#### WORK TASK:
Output, word for word, the line that contains "Khăn giấy ướt" and all lines following it to the end of the listing. Drop the pictures.

RECORDED INFORMATION below:

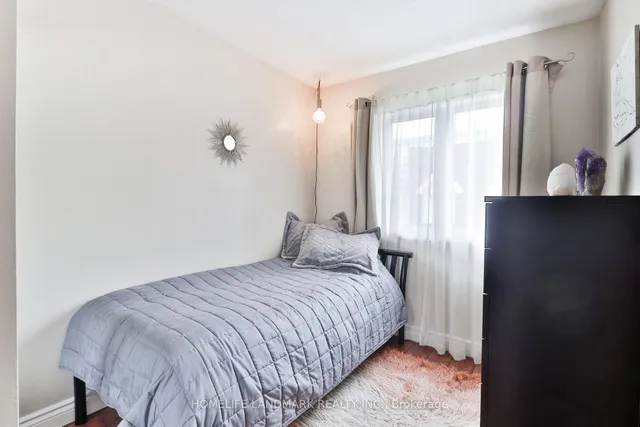 Additional image 27 of 26 Laidlaw St Unit 1521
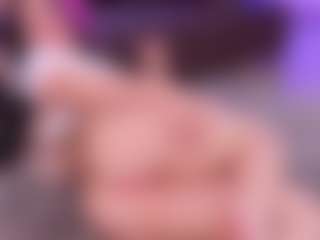 Lara Giraldo's Live Sex Cam Show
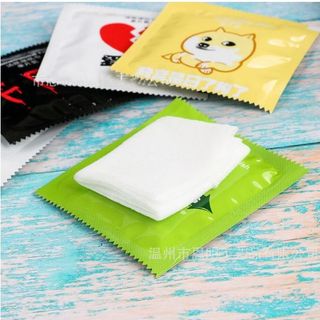 Khăn giấy ướt mini giả BCS, khăn ướt gói vuông ti - khăn ướt BCS giá sỉ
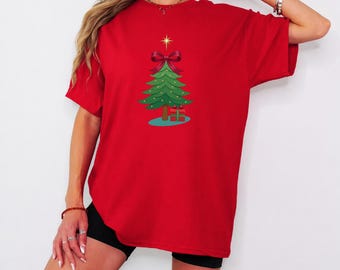 Vintage Christmas Tree T-Shirt, Retro Xmas Graphic Tee, Holiday Shirt, Aesthetic Winter Apparel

End of RECORDED INFORMATION.

#### ANSWER TO THE PROBLEM:
 Khăn giấy ướt mini giả BCS, khăn ướt gói vuông ti - khăn ướt BCS giá sỉ
 Vintage Christmas Tree T-Shirt, Retro Xmas Graphic Tee, Holiday Shirt, Aesthetic Winter Apparel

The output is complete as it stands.